##### Records to use #####
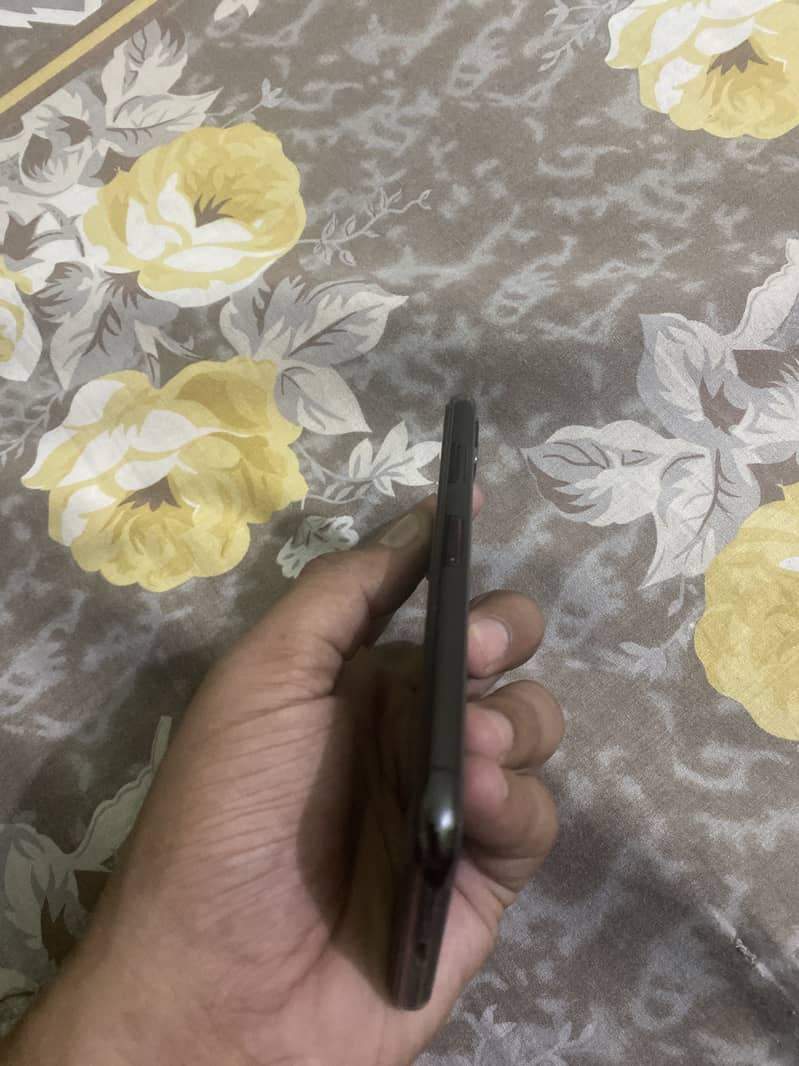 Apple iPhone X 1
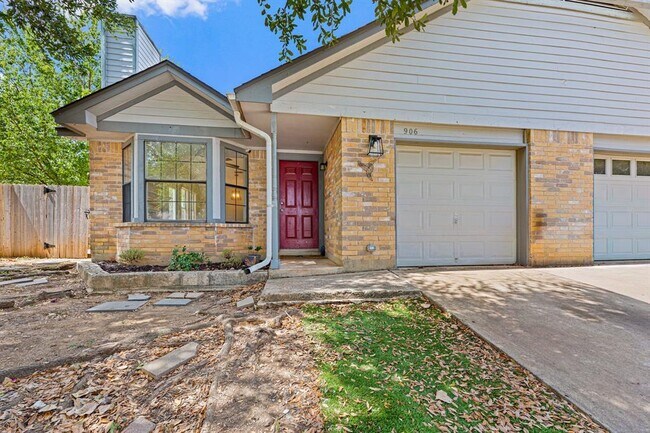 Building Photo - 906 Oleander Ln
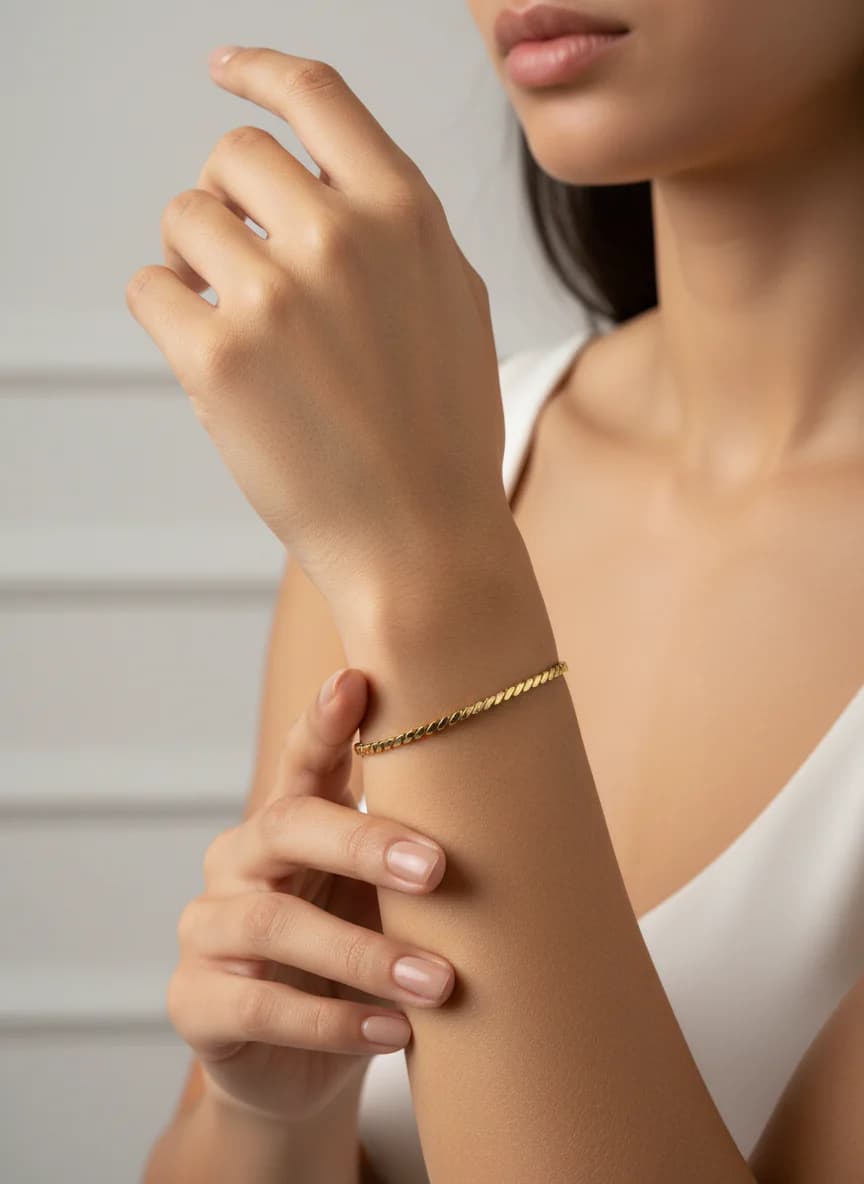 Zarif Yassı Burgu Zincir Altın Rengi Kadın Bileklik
#####
##### Records to use #####
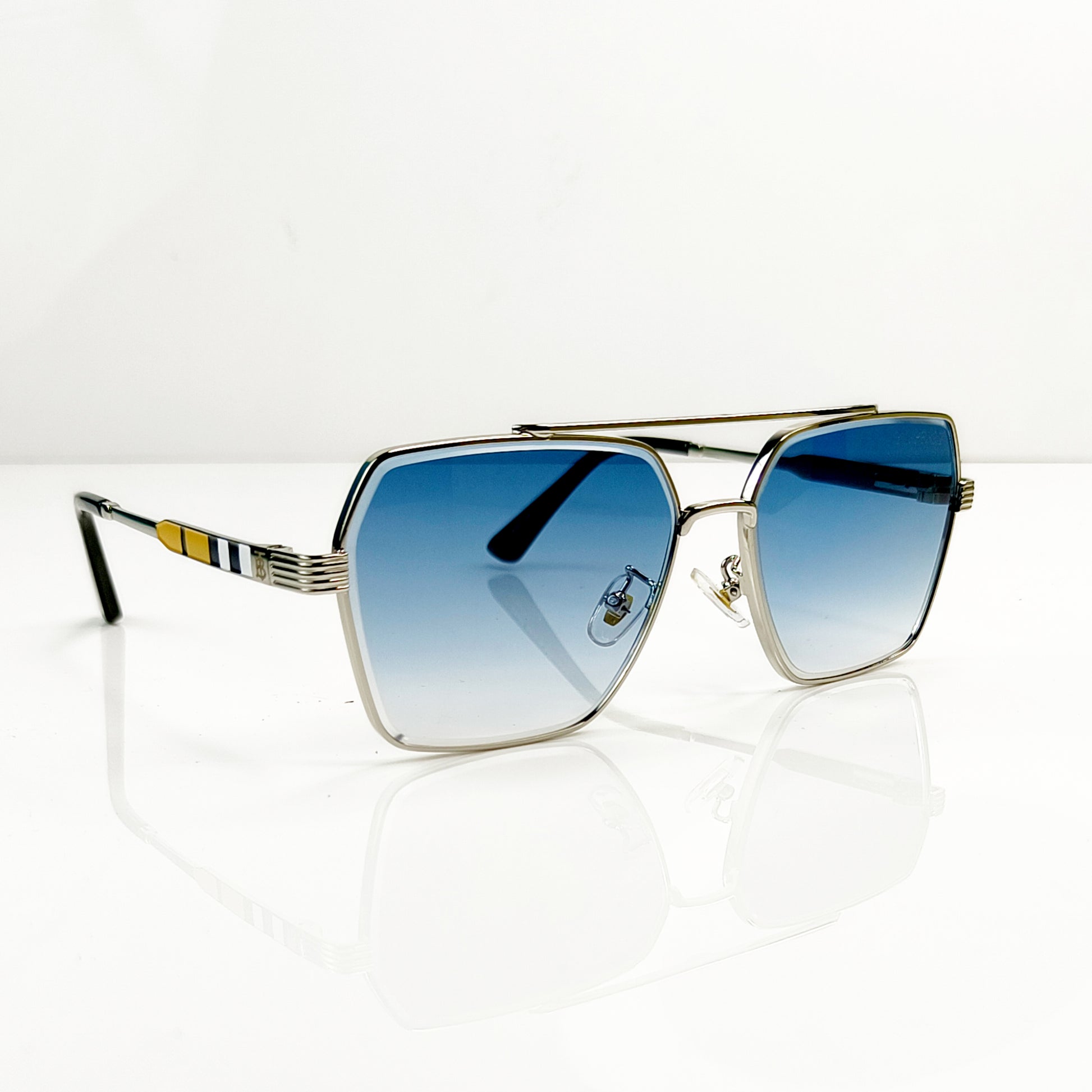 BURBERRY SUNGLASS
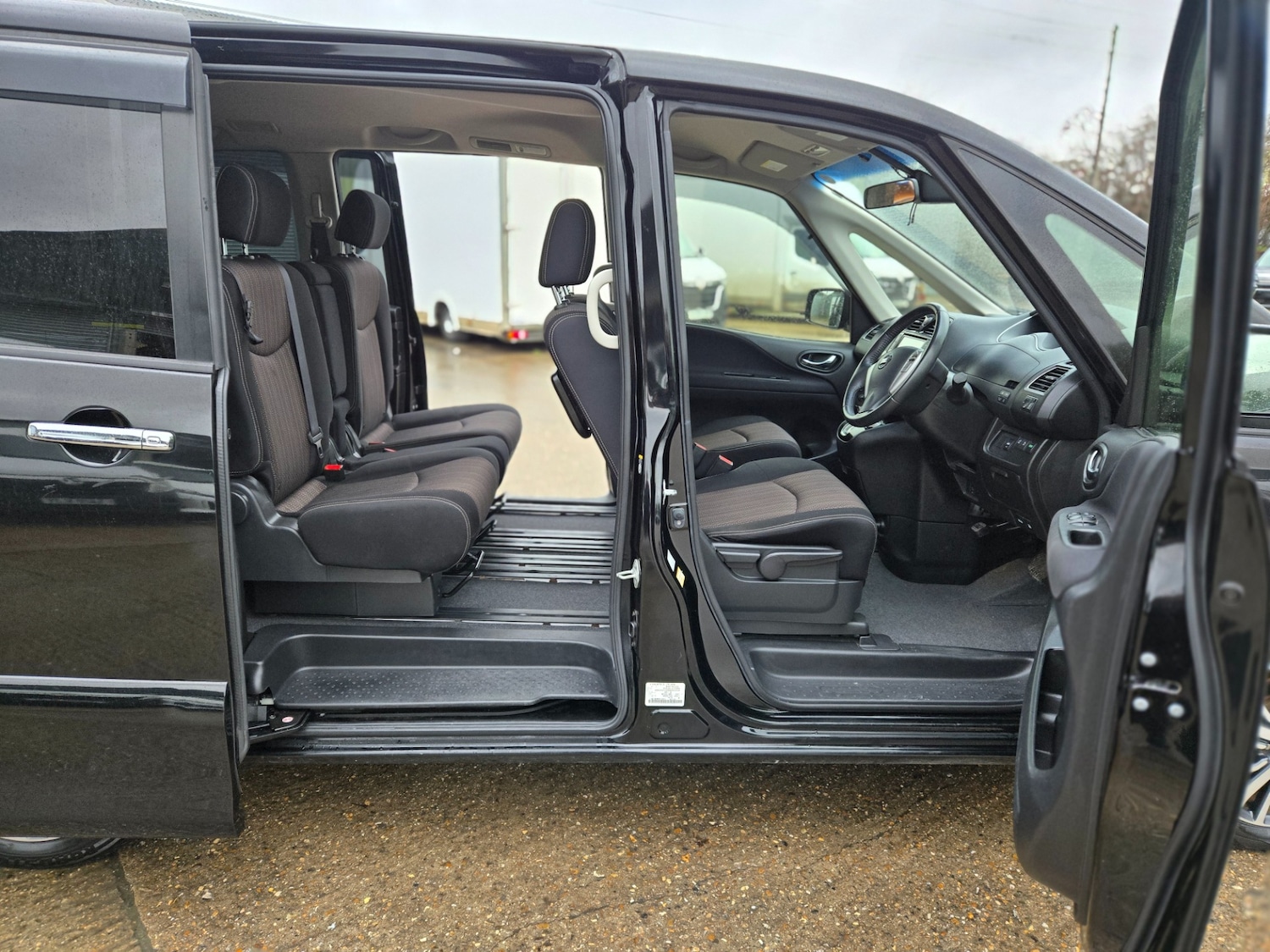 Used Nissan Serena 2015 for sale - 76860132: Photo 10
#####
##### Records to use #####
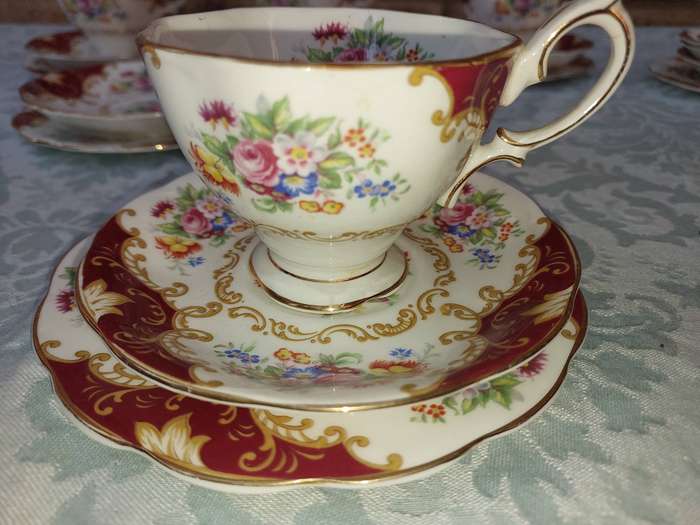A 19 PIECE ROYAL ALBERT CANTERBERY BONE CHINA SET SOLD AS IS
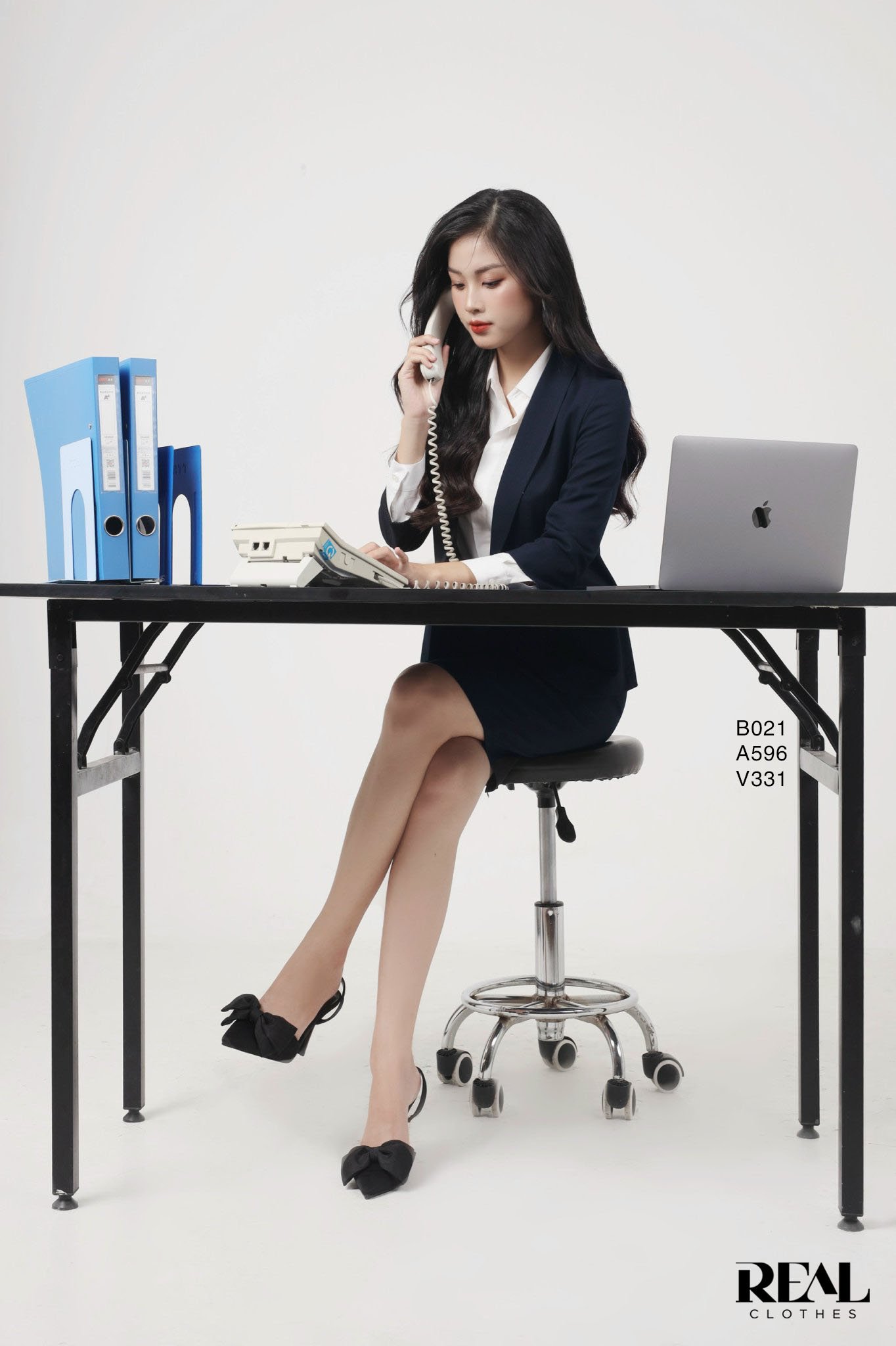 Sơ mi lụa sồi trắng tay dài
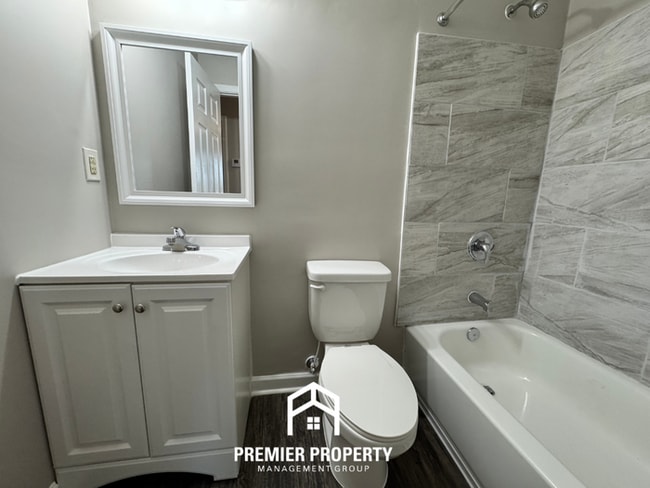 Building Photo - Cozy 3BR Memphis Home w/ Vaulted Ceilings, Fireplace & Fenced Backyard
#####
In the listing above, find the line with "Apple iPhone X 1" and the line with "Zarif Yassı Burgu". Copy exactly those two and every line between, without the pictures.

 Apple iPhone X 1
 Building Photo - 906 Oleander Ln
 Zarif Yassı Burgu Zincir Altın Rengi Kadın Bileklik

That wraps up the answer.